About this task:
Pictures are to be dropped. Everything else in the listing gets copied exactly.

Material provided:
= = = = = = =

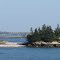 Greens Island-The Reach from Vinalhaven Ferry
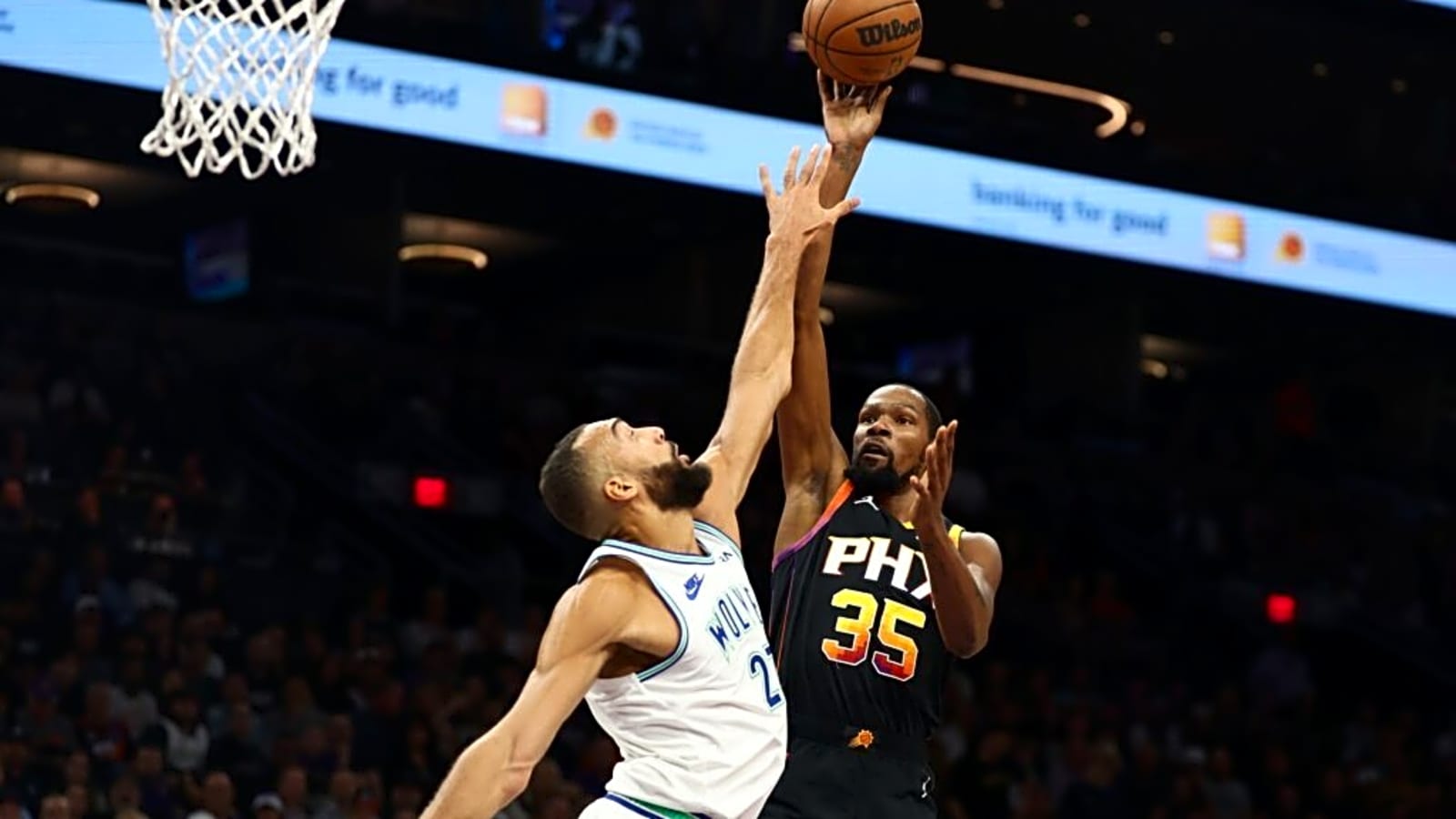 Rudy Gobert’s Role In Failed Timberwolves-Kevin Durant Trade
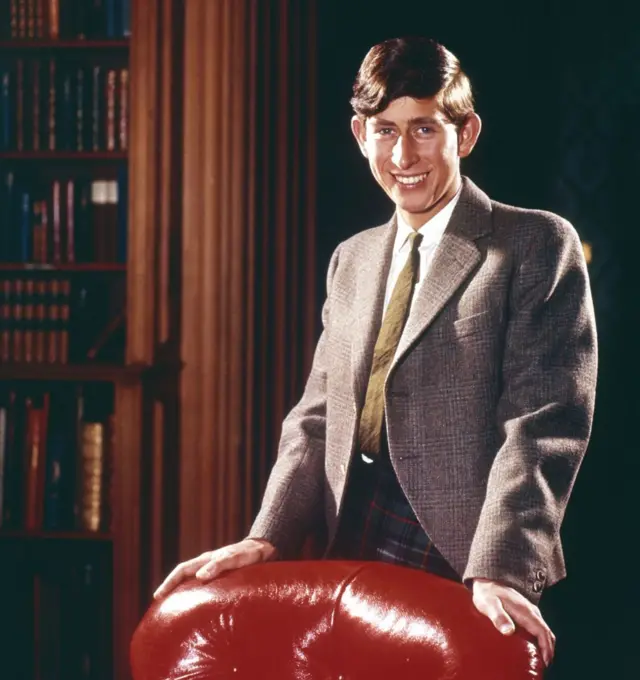 किंग चार्ल्स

= = = = = = =

Result:
 Greens Island-The Reach from Vinalhaven Ferry
 Rudy Gobert’s Role In Failed Timberwolves-Kevin Durant Trade
 किंग चार्ल्स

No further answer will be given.